Sunday

2/27/22
7pm

SANKOFA

Sankofa Film Society, Northwest Film Forum & ARRAY team up to host a special screening of Sankofa as part of their 28 Days of Sankofa.

Community Storytelling at Sankofa:

 An evening of COMMUNITY STORYTELLING follows the screening, featuring short, personal pre-recorded histories shared by individuals like you! All are invited to participate.

 

Every person has a history, a family, a name, and a community. Developing a relationship with the past through a study of the history of our families and communities grants a fuller understanding of how our individual and collective past impacts our daily lives.

The way your personal story is told — now and in the future — can be, and should be, steered by you.

Sankofa opens with an invocation, an invitation to “step out and tell your story”:

  • When did your ancestors settle in America? Under what conditions did they come here? How old were they? How healthy were they? Was there a community or a group of relatives here to welcome and assist them? What language(s) did your ancestors speak when they arrived? What possessions and skills did they bring with them? — Prompts adapted from My Grandmother’s Hands by Resmaa Menakem

  • How do you walk with ancestors in your daily life? What tools do you use to connect? What wisdom do they offer?

  • How do you make sure the wisdom learned from the past is a part of the present?

  • How are you in relationship with the place(s) you inhabit?

  • In what ways does a relationship with your heritage nurture you?

We invite you to consider these prompts and send us a video to be shown at the event.
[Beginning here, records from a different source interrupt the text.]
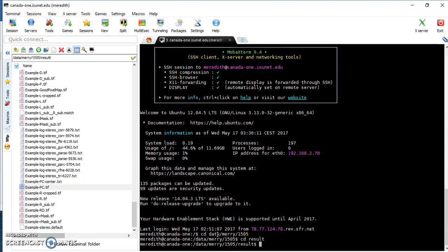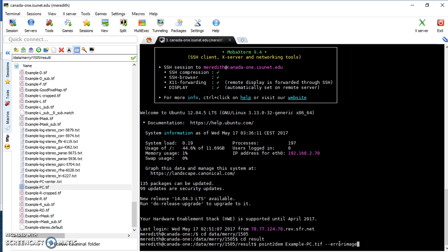Now I'm going to run the point2dem command. What this does is take the TIFF file — which right now is just a point cloud — and turn it into the DEM. Something important if you're not used to Linux or Unix: capitalization matters. You could just run point2dem with the TIFF, but you'll want two additional flags. The first is the error image flag, which gives you a TIFF you can use to calculate intersection error.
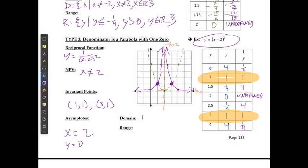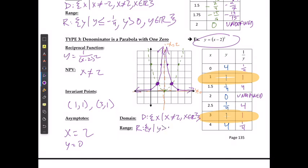What's my domain? My domain is represented by x, where x cannot equal 2, and x ∈ ℝ. For my range, y is every value bigger than 0 in this case. It's going to try and approach 0 but never hit it, and it can never go into the negative. So I say y is greater than 0, where y ∈ ℝ.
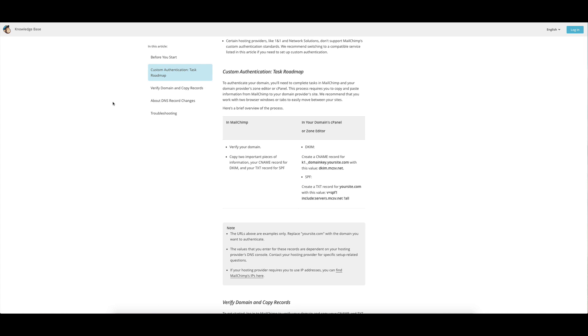Hey guys, what I'm going to be setting up now is the custom authentication records so that your emails coming out of MailChimp will be showing as coming from your domain rather than from the MailChimp standard subdomain.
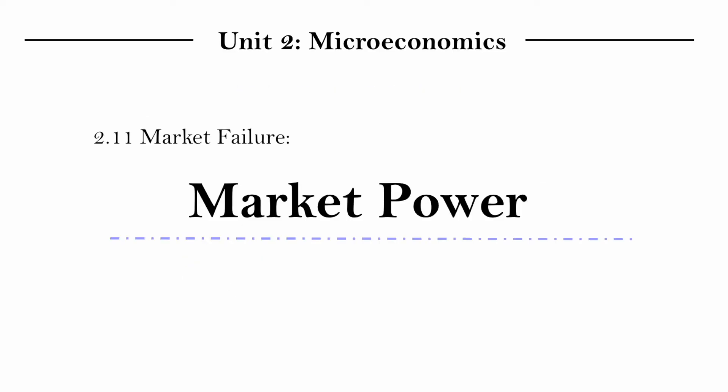So that was just the idea of market power we introduced in this video. And it's just an idea, a concept that I hope you keep in mind as we learn about the different market structures listed here in the following videos. Thank you very much.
We’ll share as many stories as time allows!

Best practices for recording your video:

Time limit: 1-3 min

Deadline: Feb. 25

  • Introduce yourself however you feel called.

    1. Follow the prompts or use your own to tell your story.

    2. You can use your phone, tablet, or the webcam on your laptop.

    3. Record in landscape mode (with the camera set horizontally, not vertically).

    4. Clean your camera lens to get the clearest image possible.

    5. Frame your shot relatively close so that your face and torso are in frame (ie. not too wide).

    6. For a flattering image, face a window or other light source (rather than having one behind you) and elevate the camera to your chin level.

    7. Record in a quiet environment and with your recording device relatively close to ensure good audio. Turn off devices that emit a continuous hum for the time you’re recording.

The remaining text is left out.